On the next day Stuart reestablished his lines about Middleburg, with his headquarters four miles above, at Rector’s Cross Roads, where he kept up communications with General Lee, whose headquarters were about Berryville, in the Shenandoah Valley.

I had been operating for several months previously in that region with a force of twenty-five or thirty men, and on account of the familiarity I had gained with the country had been employed by Stuart on scouting duty inside the lines of the Union army while he was fighting Pleasanton in front. (I wish it distinctly understood that I always went in the full uniform of a Confederate major, the rank I held.) Whenever I sent or carried him any important information he immediately dispatched a courier with it to General Lee. On my return from my last trip inside of Hooker’s lines, on June 23, after giving Stuart all the information I had gleaned about the location of each corps of the Union army, I suggested that a splendid opportunity was now offered him to strike Hooker a damaging blow by passing through an unguarded pass of the Bull Run Mountains with a portion of his cavalry and cutting right through the middle of the Federal army, destroying its transportation as he went, and crossing the Potomac at Seneca (where I had crossed some two weeks before with my own command), he could unite with General Lee in Pennsylvania.

The plan was at that time perfectly practicable. Pleasanton was in a defensive attitude, and only a small portion of the cavalry was necessary to be held in his front to observe the movements of Hooker’s army and report them to the commanding general. While we were discussing the plan, [Brigadier] Generals [Wade] Hampton and [Fitzhugh] Lee came into the room. I cannot of my own knowledge say that Stuart submitted my proposition to General [Robert E.] Lee before ordering the movement. I do know that as soon as our conference ended he started a courier to him. Colonel [William W.] Blackford, of General Stuart’s staff, recently informed me that Stuart rode over to Lee’s headquarters that day to consult with him about it. The plan agreed upon was to leave two cavalry brigades (Jones and Robertson’s) under the command of Brigadier General Beverly Robertson, in front of Hooker, about Middleburg, to observe his movements and keep up communication with the commanding general, while Stuart with three brigades should pass through the Union army into Pennsylvania.
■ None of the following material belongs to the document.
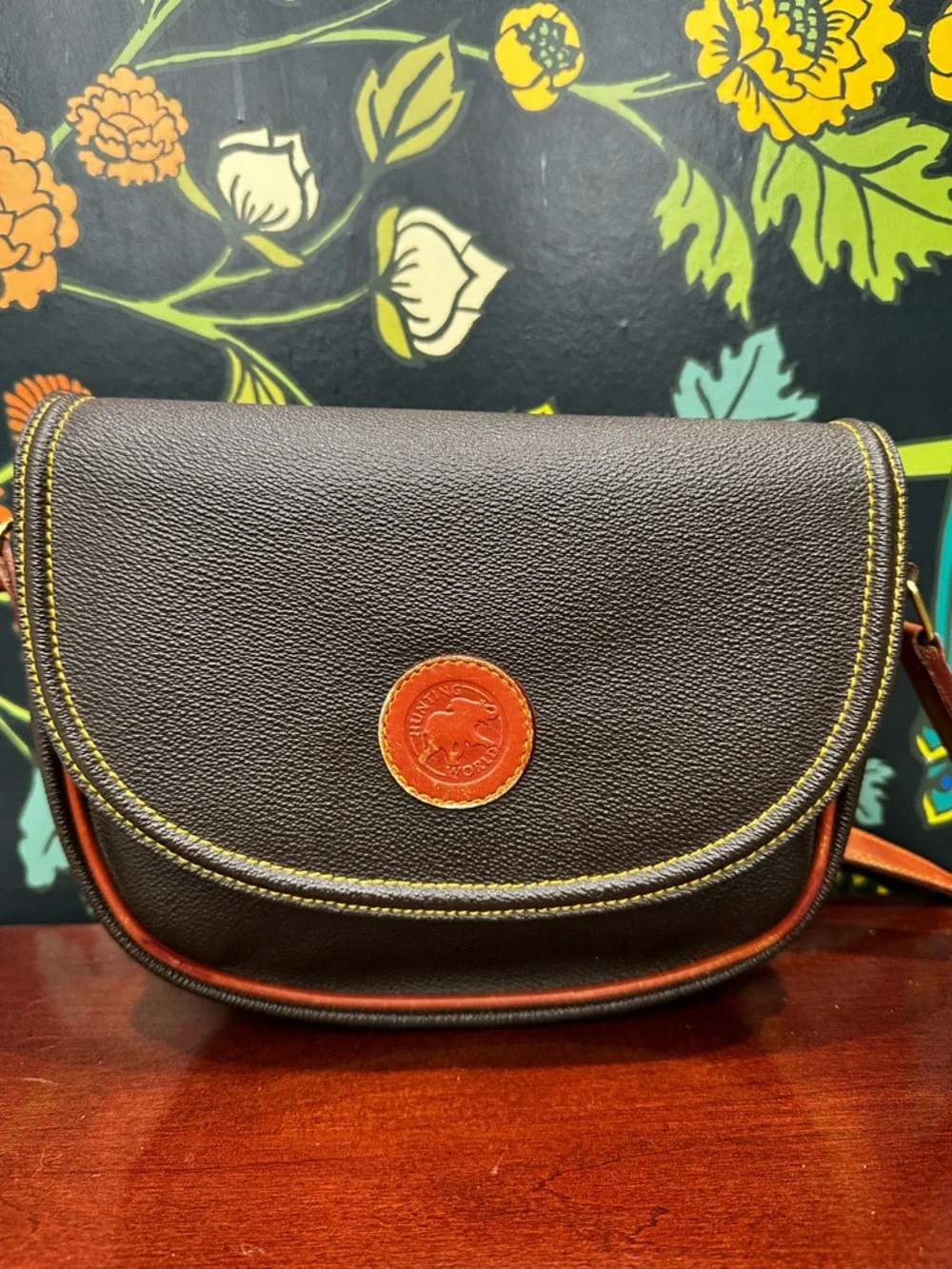 Vintage Hunting World Leather Crossbody Safari Bag Elephant Logo Italy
As [Major General Winfield S.] Hancock’s corps was holding Hopewell and Thoroughfare gaps in the Bull Run Mountains, the route selected for Stuart to go was through Glancock’s Gap (a few miles south of Thoroughfare), via Haymarket, through Loudon and Fairfax, to Seneca Ford on the Potomac. The part assigned to me was to cross the Bull Run at night with my small force by a bridle path, and uniting with Stuart near Gum Spring in Loudon take command of his advance guard. Hooker’s headquarters were then at Fairfax Station, with his army spread out like a fan over Loudon, Prince William, and Fairfax counties; his left at Thoroughfare Gap, his right at Leesburg, and his center (Fifth Corps) at Aldie, with Pleasanton’s cavalry in front. All the roads were filled with his immense supply trains.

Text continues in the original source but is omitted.